Lyon Capitale : D’où est venue l’idée de votre pièce Vertiges ?
Nasser Djemaï : C’est un petit peu mon parcours personnel. Et c’est aussi le prolongement du spectacle Invisibles [sur les Chibanis, NdlR] que l’on avait également présenté au théâtre de la Croix-Rousse.
Il y a eu un travail important avant la création du spectacle…
Oui, j’ai mené, dans des quartiers défavorisés de Grenoble, des ateliers de jeu et d’écriture, des petites enquêtes et en même temps un travail très ludique qui me permettait de questionner les gens avec qui j’étais. Je voulais des choses vécues, pas des stéréotypes, des clichés. D’ailleurs, ces personnes qui sont ensuite venues voir la pièce en ont été très touchées.

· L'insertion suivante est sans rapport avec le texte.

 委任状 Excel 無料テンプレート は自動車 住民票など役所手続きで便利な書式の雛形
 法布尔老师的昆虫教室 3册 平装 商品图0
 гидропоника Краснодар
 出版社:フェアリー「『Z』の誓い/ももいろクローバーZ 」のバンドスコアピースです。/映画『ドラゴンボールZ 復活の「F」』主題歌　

Vous avez aussi tenu à travailler avec des comédiens ayant une double culture, maghrébine et française…
Cela me permettait d’être plus proche du sujet que je voulais traiter. Il y a des nuances, liées à la culture méditerranéenne, maghrébine, très précises, que seuls ces acteurs-là étaient en mesure de m’apporter.
Le théâtre peut-il être un moyen d’intégration ?

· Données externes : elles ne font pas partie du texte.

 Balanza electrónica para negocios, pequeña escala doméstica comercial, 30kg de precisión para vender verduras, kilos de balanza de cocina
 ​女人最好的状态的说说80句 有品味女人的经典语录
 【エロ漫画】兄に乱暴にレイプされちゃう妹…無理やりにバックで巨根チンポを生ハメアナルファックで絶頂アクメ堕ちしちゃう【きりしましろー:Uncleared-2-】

J’ai en tout cas voulu que mon spectacle soit une sorte de passerelle. Le théâtre a du mal à s’adresser aux milieux populaires, ce n’est pas une question de culture maghrébine. Il y a un réflexe qui n’a pas été développé, comme un sentiment d’illégitimité, un recul qui est commun à une classe sociale moins favorisée. Le théâtre tel qu’il est fabriqué en France a une dimension bourgeoise. Ce n’est même pas une question de prix. C’est une question d’éducation populaire. Elle n’est plus faite aujourd’hui, ou plus de la même manière. J’essaie, par mon travail, d’aller à l’encontre de ces pratiques. Mais ce type de démarche est rare.
Comment voyez-vous la situation à l’approche de la présidentielle ?
J’ai l’impression que le débat a toujours été biaisé. On a tendance à mettre l’accent sur des appartenances religieuses, des origines, alors que l’on est toujours dans la même problématique d’une société où l’on a les riches d’un côté et les pauvres de l’autre, et cela depuis la nuit des temps. La grille de lecture est faussée, le problème est plus de s’insérer professionnellement que de pratiquer sa religion. Il faut un projet commun pour que la jeunesse trouve sa place. Sinon on se trompe de combat.